Buraya kadar olan değerler ve bunların kategorizasyonu için şöyle bir yazı buldum okumak isteyenler için paylaşayım hemen 🙂
Burada bir diğer kritik değer de Ki-67 sonucu bu değer ortalama %15-20 lerde olsaydı sadece hormon tedavisiyle yırtabiliyordum 🙂 Ve fakat Grade i de yükselten değerlerdin biri bu, %45 çıktı, bu yayılım hızını gösteriyor, nitekim ameliyat sonuçlarında(10 gün içinde) bunun değiştiğini de gördük.
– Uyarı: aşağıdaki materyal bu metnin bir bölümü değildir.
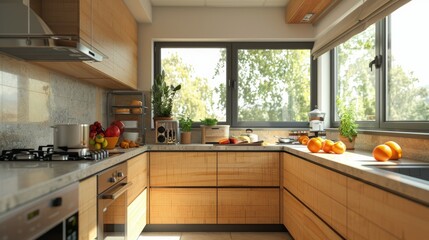 Spacious Kitchen With Abundant Counter Space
Biyopsi sonuçlarını da gördükten sonra nasıl bir tedavi izleyeceğimizi belirlemek için MR çektirmemiz gerektiğini söyledi doktorum. Burada gördükleri kitle yaklaşık 1,5 cm çapında bir dokuydu, hem doku sınırlarını doğrulamak hem de her iki memeyi kontrol etmek için MR randevusu aldık. Tedavinin gidişatında da belirleyici olacağını söylediğini hatırlıyorum. Eğer ultrasonda gördüğümüz gibi 1-1,5 cm aralığında değil de 2-2,5 cm aralığındaysa öncesinde de alanı küçültmek için kemoterapi alabilirsin dedi. Tahmin edersiniz ki MR çektirmek ve sonuçlarını beklemek bir tık daha zor oldu. Ama bu kısım bir sonraki yazımızın konusu 🙂
Sonuçlar sonrasında doktorum kendi el muayenemde farkedip gecikmeden geldiğim için çok bilinçli ve şanslı olduğumu söylemişti.
“Erken teşhis hayat kurtarır” diye de ekledi 🙂
Böylelikle bir giriş yapmış olalım, başta belirttiğim gibi hızlı adımların ilk 3 maddesini konuşmuş olduk, MR’ı , ameliyat sürecini, sonuçlarını ve tedavi sürecimi ile ilgili tüm bilgileri diğer yazılarımda anlatacağım. Biraz dinlensem iyi olacak kızım birazdan uyanır 🙂
Not: Kendinizi çok sevin, hep kontrol edin ve doktora erken gitmeyi ihmal etmeyin.
ÇÜNKÜ UNUTMAYIN ERKEN TEŞHİS HAYAT KURTARIR!